The gallery owner: Rebecca Hossack

  • Alumna and gallery owner Rebecca Hossack.

    Alumna and gallery owner Rebecca Hossack.

    Every day is different in the life of Rebecca Hossack. Today is no exception.

    She’s just celebrated 26 years of the Rebecca Hossack Art Gallery in London, partying late into the night with a variety of guests including the singer Adele, and later she’s catching a plane to Hong Kong and then on to the US.

    Clients are eager to get hold of her, staff at her London and New York galleries are demanding attention, and artists have been emailing her since six in the morning.

    Somehow she squeezes me in to this ridiculous schedule and confesses she’s just run around Regents Park in a bid to retain her sanity.

    “But I love it,” she says. “Nothing could be better than meeting fantastic people and talking about beautiful art.”

    Hossack (LLB, BA 1978) is charming, expansive and passionate. With 30 artists on her books, she needs to be all this and more.

    “I feel like I have 30 children to look after,” she laughs, “but I love them all and I’m very proud of them. When they produce wonderful things it’s really rewarding, and it’s great when someone responds to those wonderful things and buys them. To see them flourish is the most satisfying thing for me.”

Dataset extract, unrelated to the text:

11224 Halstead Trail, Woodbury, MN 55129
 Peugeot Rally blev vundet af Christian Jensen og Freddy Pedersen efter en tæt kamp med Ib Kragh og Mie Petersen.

    Hossack left the University of Melbourne with a law degree and a BA in art history. In the end, her penchant for beautiful things won over, and she opened her first gallery in 1988.

    Back then, the Rebecca Hossack Gallery was the first to show Aboriginal work outside Australia. Indigenous art is still a huge part of what she does, but finding it is no easy thing.

    Despite being widely copied since pioneering Indigenous art, Hossack’s gallery is the only one left in her area of central London. She puts her success down to pure hard work – and copious amounts of intuition.

    “I go for an artist who’s disciplined and who’s made their work using fine quality materials. I want total originality and go out on a limb to find people who are following the beat of their own drum.”

    And she insists on finding them all herself.

    “I work with unconventional people. No one can understand why an artist may be making a monkey out of old textiles,” she says. “How can I delegate that? To get artists to perform their best you have to give so much. The nurturing goes on for years, like a marriage.”

    Hossack visits the artists in remote parts of Australia and spends time with them. Then they’re invited back to London in the summer.

    A visiting group once asked her to show them “where the trouble started”.

    “They wanted me to take them to Whitby to see Captain Cook’s house,” she explains.

    “It’s a long way, by train then mini-bus, to visit this tiny little house – they looked at his hammock and his chair and then said – ‘Hmm, now we understand’. I found that fascinating. That’s my happiest time, every summer when they come.”